Le drone sous-marin aura quant à lui une portée de 50 ou 70 mètres en fonction du câble que vous aurez choisi, son point de départ étant la station de contrôle qui elle sera posée sur la terre ferme. Une fois à l’eau le PowerRay pourra se mouvoir différemment en fonction de la vitesse enclenchée sur la radiocommande (slow/medium/speed) le mode speed permet d’atteindre les 7 km/h. Quelque soit sa vitesse il gardera une très bonne mobilité grâce à ses nombreuses turbines (deux horizontales et une verticale) et vous pourrez donc piloter le PowerRay très aisément.

Pour ce qui est de ses caractéristiques propres, ce sous-marin pèse 3,8 Kg pour 46,5 x 27 x 12,6 cm. Des mesures pensées et créées pour optimiser sa navigation sous marine et ce jusqu’à 30 mètres de profondeur. Il sera également équipé de diodes à l’avant pour éclairer les zones sous marines les plus sombres, aussi bien en eau douce qu’en eau salée. Enfin dernier point important concernant les caractéristiques du PowerRay: sa batterie, qui permettra en effet d’atteindre un temps d’utilisation de 4H.

A qui s’adresse ce sous-marin ?

Aux professionnels de la mer

Ce qui fait l’efficacité et le succès du PowerRay, c’est avant tout son eco radar (disponible avec les versions Angler et Wizard du PowerRay). Conçu pour détecter tous les détails de son environnement, ce radar recueillera pour vous un tas de données utiles au sujet de la faune sous marine mais aussi de la topographie des fonds marins. Tous ces retours d’informations vous seront délivrés en temps réel sur votre smartphone ou votre tablette. De nombreux professionnels pourraient donc y trouver leur intérêt comme les pêcheurs par exemple qui trouveraient des bancs de poissons plus facilement et étudieraient la profondeur de l’eau en un clin d’œil.

Aux passionnés de plongée

Outre son aspect pratique, le PowerRay reste un appareil ludique et attrayant pour celles et ceux désireux de découvrir les fonds marins d’un œil différent, notamment en immersion FPV grâce à un casque VR par exemple. La version explorer du sous-marin semble donc être la plus appropriée pour une utilisation simplement récréative. En effet, un particulier utilisant le PowerRay en loisir n’aura pas réellement besoin de Fish finder ou d’une ligne d’appât.

Notre expérience

Nous sommes personnellement allés tester le PowerRay dans un lac et nous avons pour le moins été bluffés ! Une fois à l’eau, le sous-marin propose un pilotage simple, très abordable, le tout armé d’une fluidité et d’une discrétion à toute épreuve. Comme nous l’avions cité précédemment, les trois vitesses disponibles confèrent une grande adaptabilité et il est surtout très facile de passer d’une vitesse à l’autre via un curseur sur la radiocommande. Vous pourrez donc vous adapter non seulement à votre environnement mais aussi à votre sujet. C’est donc selon nous un pari réussi pour PowerVision qui présente un drone sous-marin réactif, fluide, ultra fonctionnel, pratique et design.

Conclusion

En tout point, le PowerRay a su nous séduire.
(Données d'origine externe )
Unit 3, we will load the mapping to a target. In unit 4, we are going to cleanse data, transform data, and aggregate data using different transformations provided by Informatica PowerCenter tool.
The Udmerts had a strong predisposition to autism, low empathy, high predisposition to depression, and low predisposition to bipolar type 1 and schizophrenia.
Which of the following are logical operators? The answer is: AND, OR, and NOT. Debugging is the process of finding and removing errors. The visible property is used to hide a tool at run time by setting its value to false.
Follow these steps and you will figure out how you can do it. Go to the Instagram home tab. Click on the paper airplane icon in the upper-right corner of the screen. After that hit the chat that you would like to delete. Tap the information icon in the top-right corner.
Un aspect pratique accompagné d’une gamme d’accessoire intéressante, le tout pour un pilotage simple et agréable, ou autant de caractéristiques qui font du PowerRay un des poids lourd de sa catégorie. Vient également s’ajouter à ça une réelle plus value pour les professionnels de la mer grâce au système d’eco radar qui repèrera les poissons et la profondeur exacte de l’eau le tout en temps réel.
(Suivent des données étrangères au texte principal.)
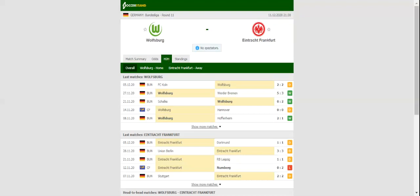In their last meeting in the German top flight, Eintracht recorded a 2-1 win over Wolfsburg, which is yet another reason why we are tempted to put our money on both teams to score.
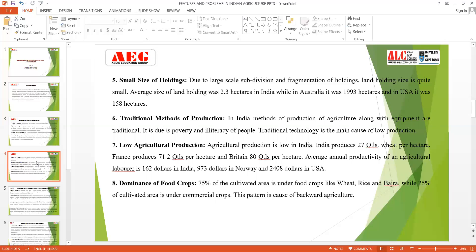The next feature is traditional methods of production. Still, most Indian farmers use traditional methods because illiteracy and poverty are very high, so they do not want to adopt upgraded technology. In the USA, agriculture is also a source of income, but they have upgraded agriculture with technology because illiteracy is not as high there. In India, because illiteracy is high, most farmers do not apply new ways of technology to carry out agriculture—they believe traditional methods will give maximum output, but this leads to low productivity.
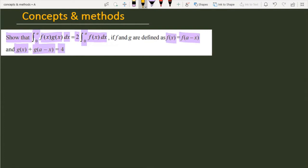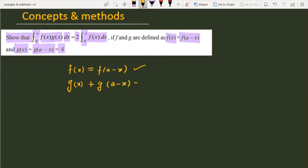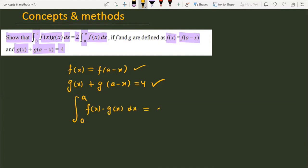So let me tell you what properties are given. The first statement is that f(x) = f(a - x). The second statement is g(x) + g(a - x) = 4. And now in the question we have to prove ∫₀ᵃ f(x)·g(x)dx is equal to 2 times ∫₀ᵃ f(x)dx.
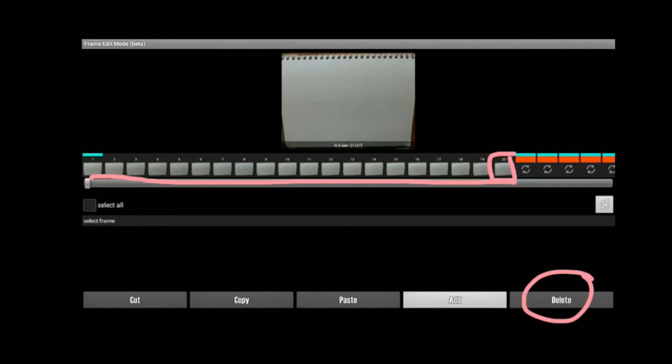and if you realize that you missed some pictures, you can go back to Add, and that'll take you back to the camera page so that you can take more pictures for your movie.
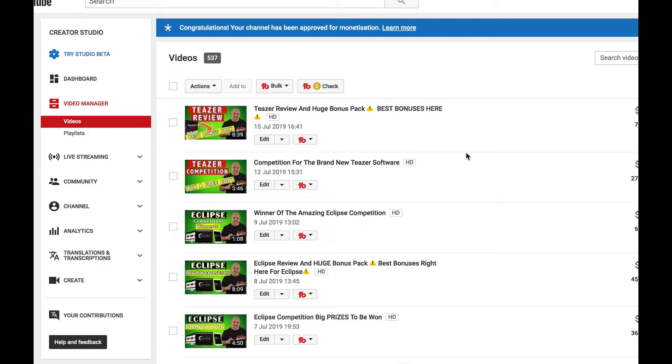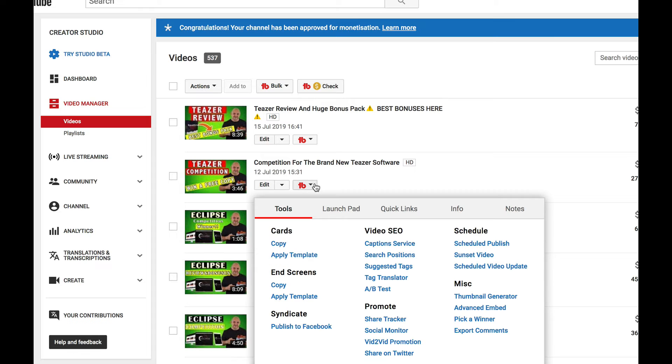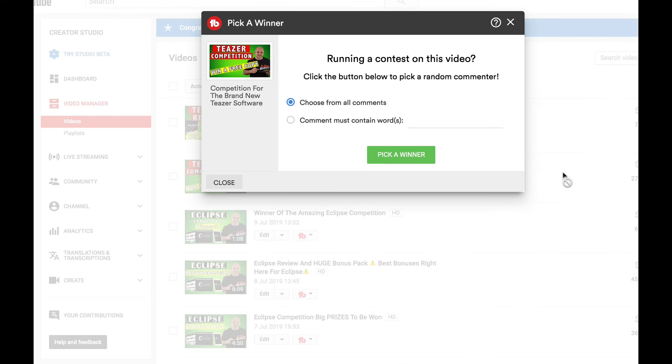Now I want to thank everyone who enters these competitions and comments - we do appreciate it. So what we're going to do is pick the winner now. Let's jump across into TubeBuddy. I'm going to pick a winner from all comments, so here we go.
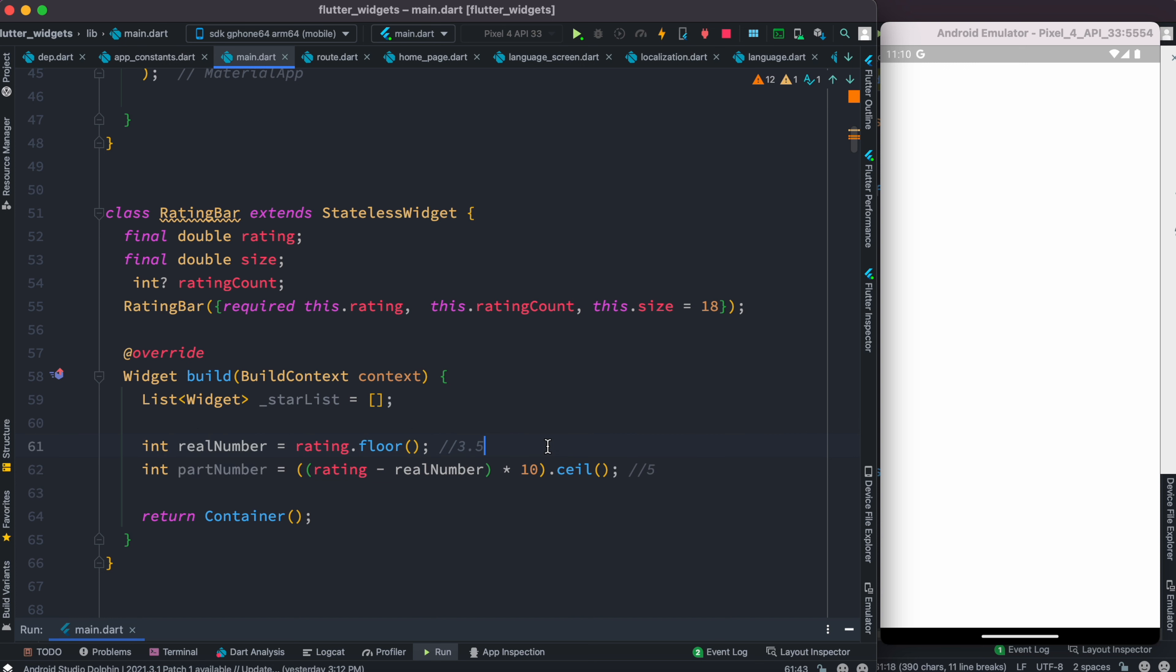But what if you have 3.55? Well in this case, the realNumber would still return us 3, but over here it will return us 6. That's how it works - ceil returns the closest biggest number.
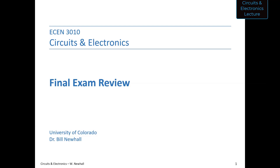Practice problems and review problems are posted online. I'll also post the slides I'm going to show today that I worked through in class. If you have any questions, be sure to unmute and ask your question; otherwise please stay muted to keep the background noise low.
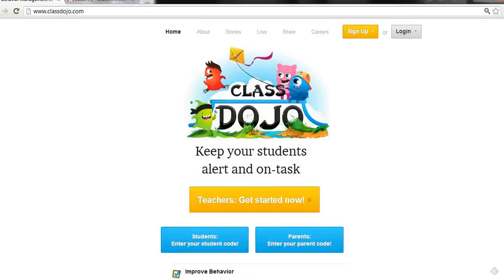Hey guys, in this quick video I just want to show you the basic process that you need to go through if you're planning on using ClassDojo, and that is to register, to sign up for the first time. It only takes about a minute so let's get to it.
C’est donc une toute nouvelle expérience de plongée qui s’offre aux amateurs et aux professionnels pour pousser encore plus loin l’expérience sous-marine. Que ce soit en retour smartphone ou en immersion totale via un casque VR, l’exploration sous marine ne sera plus jamais la même.
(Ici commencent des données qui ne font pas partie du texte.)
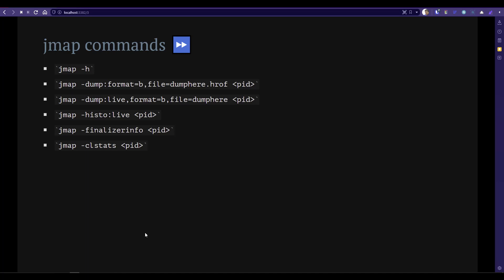A frequently used command is dumping your heap dump using the dump flag, where format equals B means byte, and dump live means it will dump only the live objects. Similarly, you can print the histogram, and if you send live along with your histogram, it will print the table view of your live objects in histogram format. You can also get the finalizer info — if there are any finalizers in your Java program, you can get that information from the command line. And if you want to see class information, you can use cl stats.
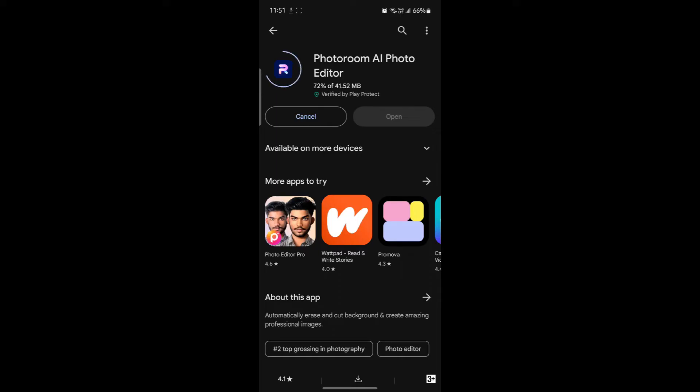You can use PhotoRoom as the best AI editor and then you can increase your photo editing skills.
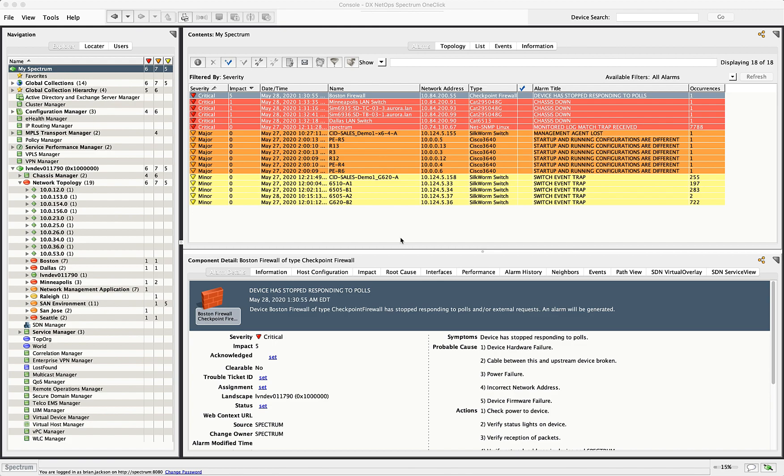DX NetOps is comprised of several components, one of them being a fault management and event correlation system, the other being a performance management system.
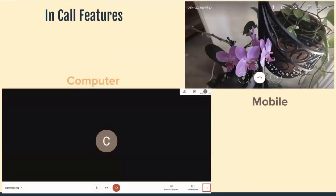In the top right corner is the view from a mobile device, and in the bottom left corner is from a computer. It's very similar to Google Duo in features — there is an end call button, a camera and microphone button. And on the computer view, the three dots will lead you to more features such as virtual backgrounds, how many participants you can see at once, and much more.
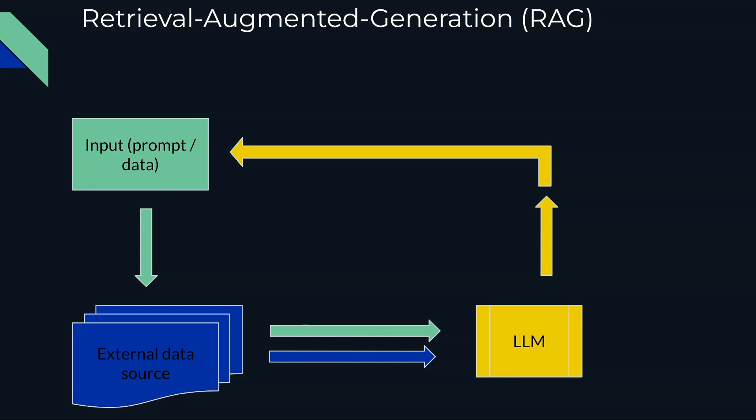This is how Retrieval-Augmented Generation removes the limitation of hallucination. Now it has the contextual reference of external source, so if it does not have information it will say so, or if it has information then it will refer to the external valid source of truth.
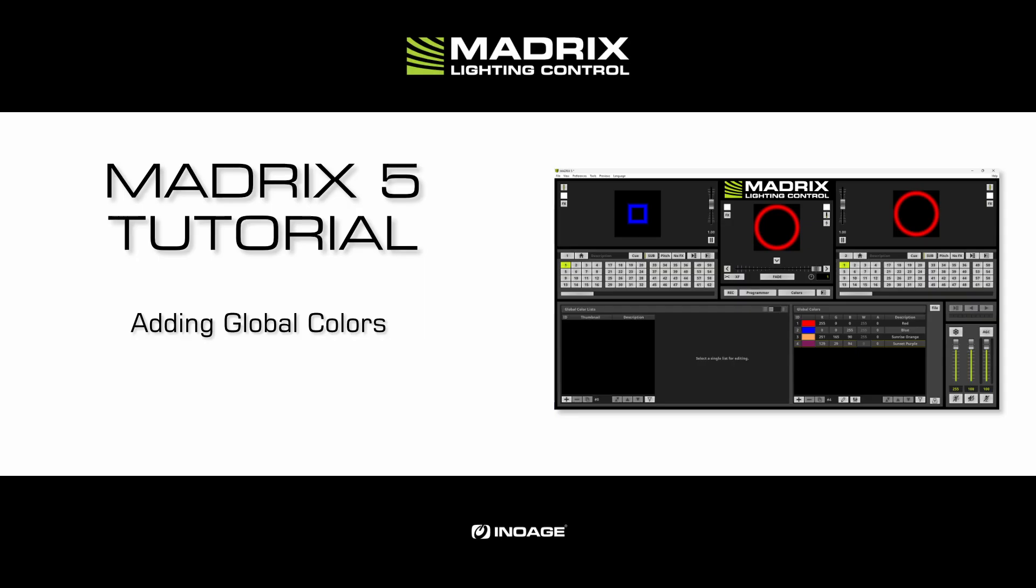Hello and welcome to this tutorial. My name is Thilo. In this tutorial we will learn how to add global colors in Matrix 5.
Le PowerRay est d’ores et déjà disponible en 3 versions : Explorer, Angler et Wizard. Dans les deux premières versions, le câble s’étend jusqu’à 50 m et la mémoire interne est de 32 Go. La version de base est dédiée à l’exploration sous-marine alors que la version intermédiaire ajoute l’accessoirisation pour la pêche et de quoi lâcher un appât à distance. Wizard, la version haut de gamme, offre en plus une valise de transport, des lunettes Zeiss VR One, un câble de 70 m et une mémoire interne de 64 Go. Les prix sont respectivement de 1 699 €, 2 088 € et 2 199 €.